**EXERCISE DETAILS**
Transcribe, word for word and without additions, each line below from the one containing "Custom software guides" through the one containing "See the hairs, or", both ends included.

**DATA RECORDS**
____________________

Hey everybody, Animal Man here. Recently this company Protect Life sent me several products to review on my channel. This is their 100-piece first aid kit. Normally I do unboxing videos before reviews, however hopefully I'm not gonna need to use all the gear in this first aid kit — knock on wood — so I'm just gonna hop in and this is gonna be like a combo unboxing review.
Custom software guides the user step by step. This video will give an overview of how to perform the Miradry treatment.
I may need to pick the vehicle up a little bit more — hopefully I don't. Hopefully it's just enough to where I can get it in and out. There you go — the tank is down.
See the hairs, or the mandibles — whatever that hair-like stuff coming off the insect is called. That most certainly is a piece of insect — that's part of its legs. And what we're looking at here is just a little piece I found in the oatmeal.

____________________

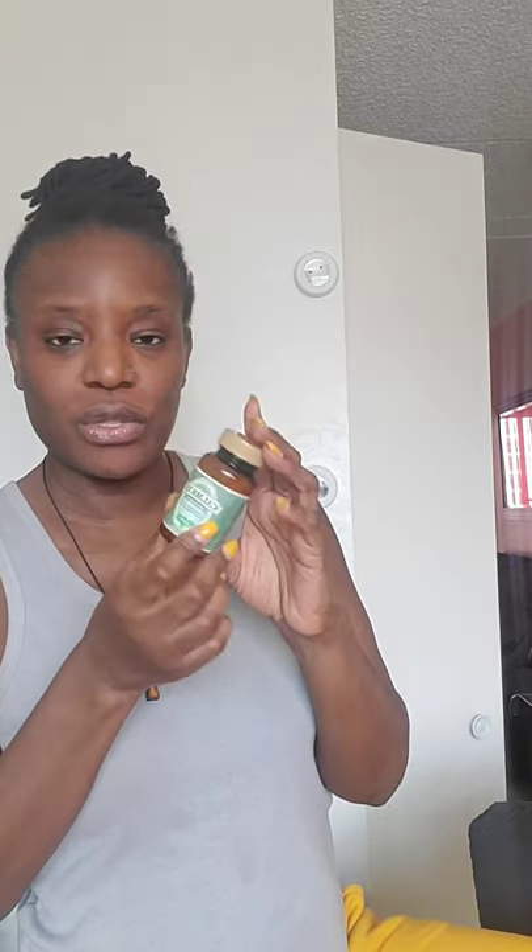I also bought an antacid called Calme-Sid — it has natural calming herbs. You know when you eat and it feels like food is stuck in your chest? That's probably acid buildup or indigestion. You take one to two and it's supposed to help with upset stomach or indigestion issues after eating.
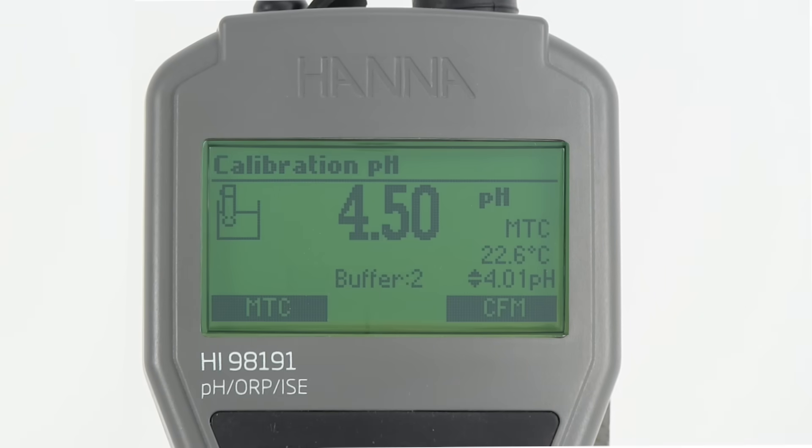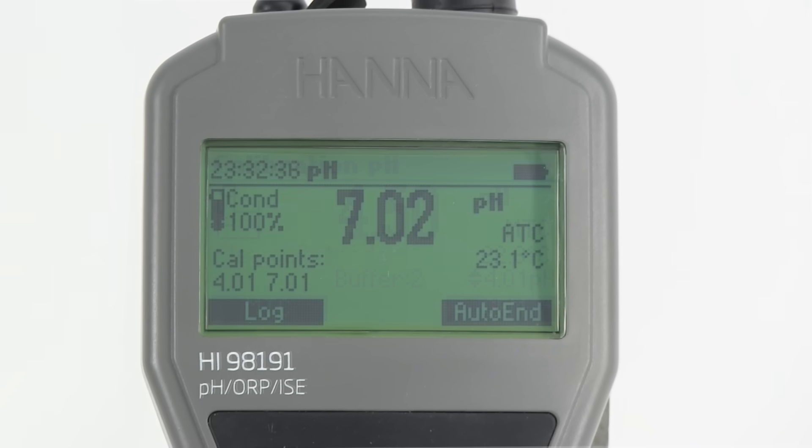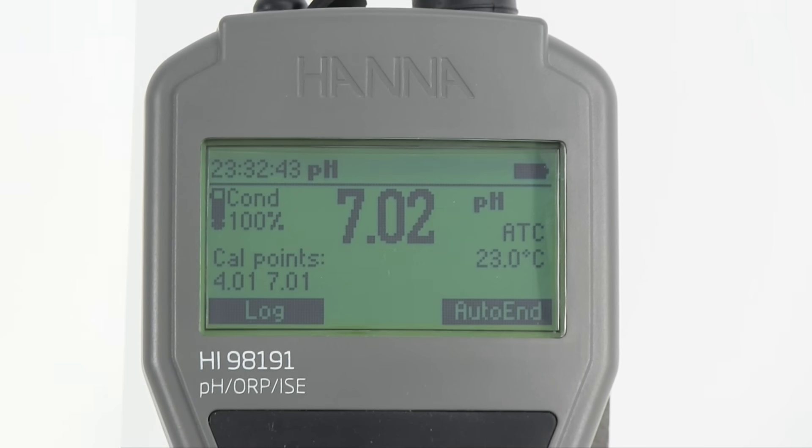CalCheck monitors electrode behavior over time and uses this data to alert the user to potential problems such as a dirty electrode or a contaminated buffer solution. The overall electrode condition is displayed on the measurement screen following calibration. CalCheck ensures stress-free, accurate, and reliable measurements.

____________________

**RESPONSE AREA**
Custom software guides the user step by step. This video will give an overview of how to perform the Miradry treatment.
I may need to pick the vehicle up a little bit more — hopefully I don't. Hopefully it's just enough to where I can get it in and out. There you go — the tank is down.
See the hairs, or the mandibles — whatever that hair-like stuff coming off the insect is called. That most certainly is a piece of insect — that's part of its legs. And what we're looking at here is just a little piece I found in the oatmeal.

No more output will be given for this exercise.